While using Kedro I want to load some data and work with it. To do that, one has to register the data in a conf/base/catalog.yml file. The Kedro Documentation of the Data Catalog explains how one can register data for Kedro to load. However, there is little to no information on how to load a .arrow file.

In the conf/base/catalog.yml I tried to register my data thus:

dataframe:
  type: arrow.ArrowDataSet
  filepath: "home/place/data.arrow"
  layer : primary

And ofcourse tried on different combinations from the data catalog documentation mentioned above.
The error code I get is the following :
DataSetError: An exception occurred when parsing config for DataSet 'dataframe': Class 'arrow.ArrowDataSet' not found or one of its dependencies has not been installed.

I have ofcourse installed the arrow package in my environment.

Does the Kedro Data Catalog simply not accept .arrow files or is there a way to register such a format in the catalog.yml file?

Thanks in advance,

Jamal

  • 1
    It doesn't look like kedro supports `arrow`. But anyway, if you are going to store data as files, you should use `parquet`, not `arrow`. See examples here: https://kedro.readthedocs.io/en/stable/data/data_catalog.html?highlight=parquet#example-10-loads-saves-a-parquet-file-on-local-file-system-storage-using-specified-load-and-save-arguments – 0x26res Jan 17 '23 at 14:00
  • hey @0x26res , That is the solution I finally went with, but the reason was only because Kedro supports .parquet. However, it sounds like you have more reasons to use parquet to save data as files.

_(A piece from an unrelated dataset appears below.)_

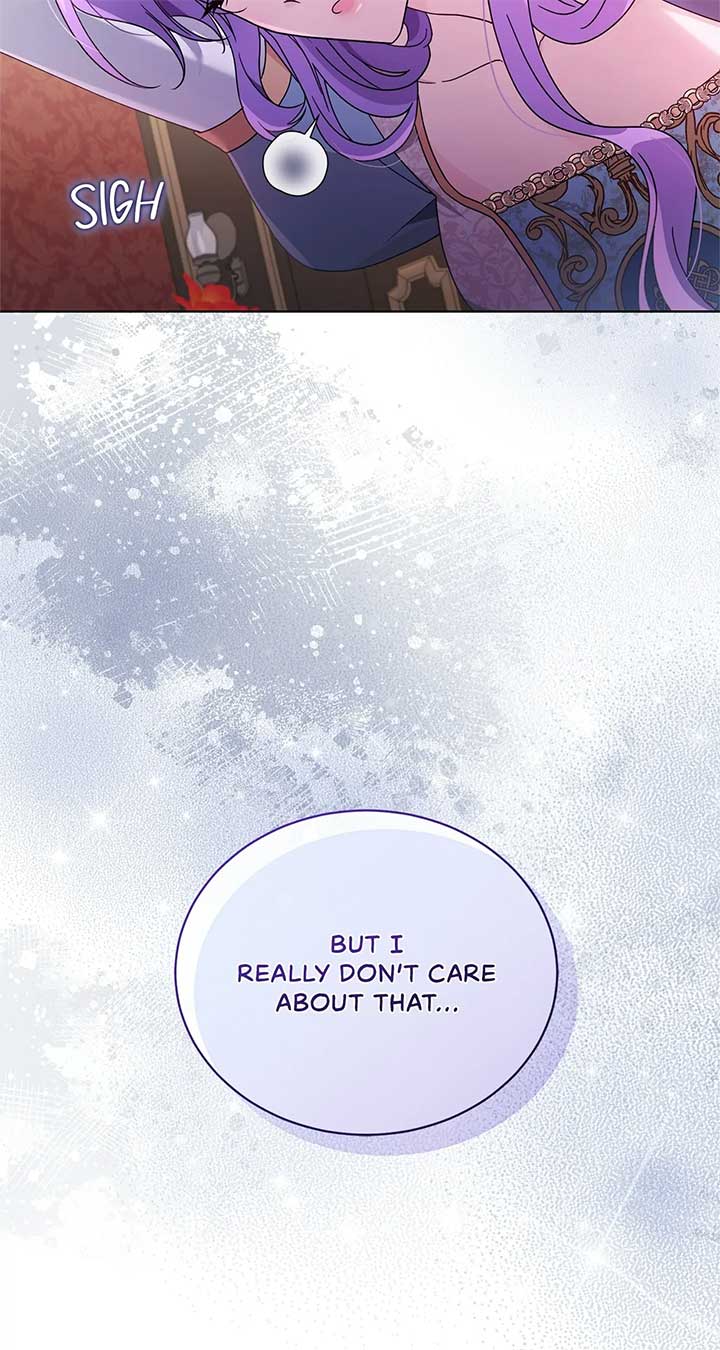 The Blackened Second Male Lead’s Wife Series Chapter 93 286 06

Am I right? and if yes, can you please spare some time and illuminate me? This is much appreciated, Thank you!! – Jamal Rnjbal Jan 19 '23 at 10:39
  • 1
    https://stackoverflow.com/questions/56472727/difference-between-apache-parquet-and-arrow – 0x26res Jan 19 '23 at 11:08

1 Answers1

1

Like said @0x26res, you can use the parquet dataset or others that kedro supports. Parquet could be handled in kedro by pyarrow engine because under the hood is pandas read_parquet with 2 engines and pyarrow by default.

It may be necessary to install dependencies to use other dataset types:

pip install kedro[pandas.ParquetDataSet]
matt91t
  • 103
  • 1
  • 8